According to Downes, the structure of the company has not changed. It is still headquartered in France, with research and development in both France and the US.
"From a ground level, from a sales and from a channel customer level there really hasn't been much impact," he said. "What we have seen is the ability hire some new people."
He said the company had taken on new sales marketing, business development and channel teams over the last six months, which was giving the company more impact with partners and customers in the field in Australia.
"We have doubled our channel presence in Australia and New Zealand. We have also added 20 per cent to our frontline sales people who are supporting customers with our partners.
"That has been replicated across most of the regions in terms of that ramp up.
Downes said the company still had a very strong brand, a good install base, customers across all horizontals, and some key verticals such as healthcare, tertiary education, federal government and hospitality.
"So we are leveraging that install base. From an SMB perspective we are really getting much closer to our indirect resellers," he said.
"We have go probably 150 indirect resellers in Australia that focus on the SMB market and we are putting in partners account managers to work directly with them and really drive growth in that SMB market.
"So a lot of its around presence, being present with them and offering new programs and new promotion which will drive growth in the SMB market.
He said the company was also a lot more open than it had been in the past to co-investing for growth and transformation with partners.
"We are looking at new business models and growth opportunities where we can co-invest with partners," he said.
"We are ramping up the support and the number of Telstra business partners we have got to serve the small and medium market through our distribution partner VExpress."
For larger enterprises the company has partnered with UXC Connect, Nexon and VOIP, who are strong in its core verticals of healthcare, hospitality, tertiary education and government.
Downes said the company was focused on supporting partners on joint account selling.
"We are beefing up our sales teams to provide more outcome-based solutions for our customers and partners," he said.
The company recently delivered a Cloud communications solution for ACCOR's IBIS Adelaide hotel.

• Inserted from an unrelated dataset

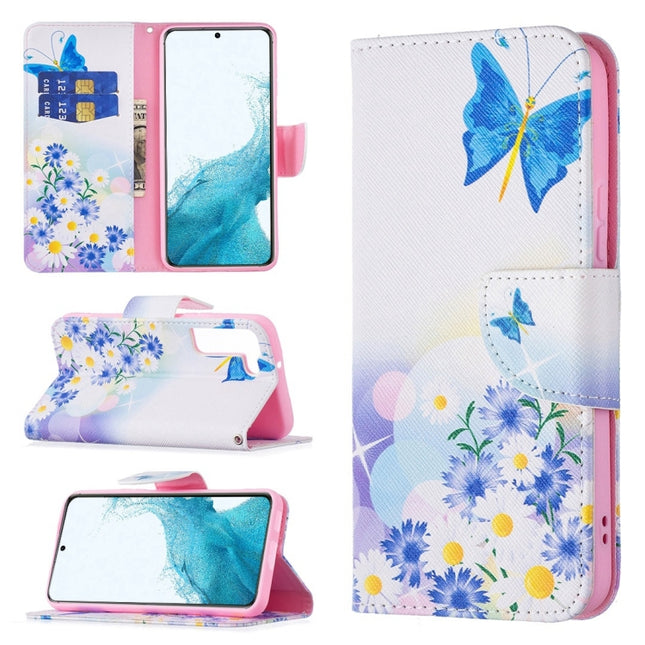 For Samsung Galaxy S22+ 5G Colored Drawing Pattern Horizontal Flip Phone Leather Case with Holder & Card Slots & Wallet(Butterfly Love)-garmade.com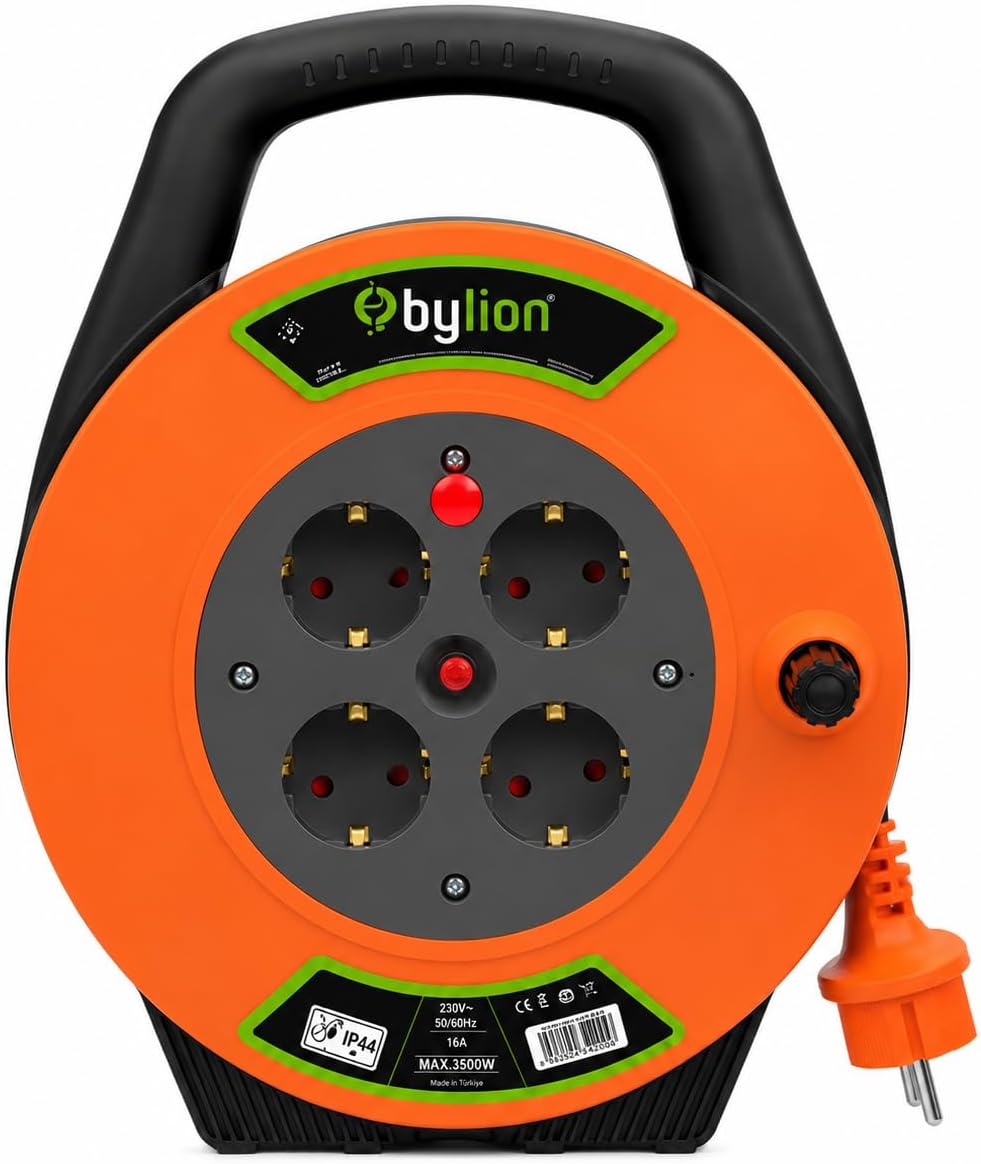 Makaralı Uzatma Kablosu, 4 Prizli, IP44, Dış Mekan Uzatma Kablosu, Termal Koruma, Güç Gösterge Işığı, 16A, 250V, Bahçe, Atölye, Şantiye Ev Kullanımı, Profesyonel Kalite (3x1,5 mm²/10 m) (Kapaksız)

Other recent customers include NSW Health, where partner VOIP helped deliver converged solutions for a number of hospitals.
This included all of the core network, plus all of the voice, applications that go on top of that network, (wired, wireless and integration into their processes) according to Downes.
From a network and infrastructure perspective the company was focused on what it calls call the "converged campus".
Downs said this meant delivering a high quality user experience across both wired and wireless networks as simply as possible for IT.
"We are really focused on the mid-market on delivering flexible Cloud options for our partners and customers," he said.
"We're not developing our own platform because we recognise that each partner and each customer has slightly different requirements so we are working with key patners, such as UXC Connect, to build flexible Cloud communications platforms that can deliver on public infrastructure or in a private cloud for government or enterprises."
The company has recorded 20-30 per cent growth year-to-date.
Downes said the company was focused on doubling revenue within five years.
"We're on a trajectory where we have increased headcount in Australia by around 30 per cent and we are really looking to grow year on year at that sort of rate," he said
"We are looking to certainly grow our partners in the SMB space and re-engage some perhaps that have drifted away over the last two or three years to other vendors."
"We will be looking at new potential partners and service providers to leverage Cloud communications for the mid-market.
"At the enterprise level, We are driving opportunities through our direct sales teams and working with large integrators as those new opportunities come up in our key verticals."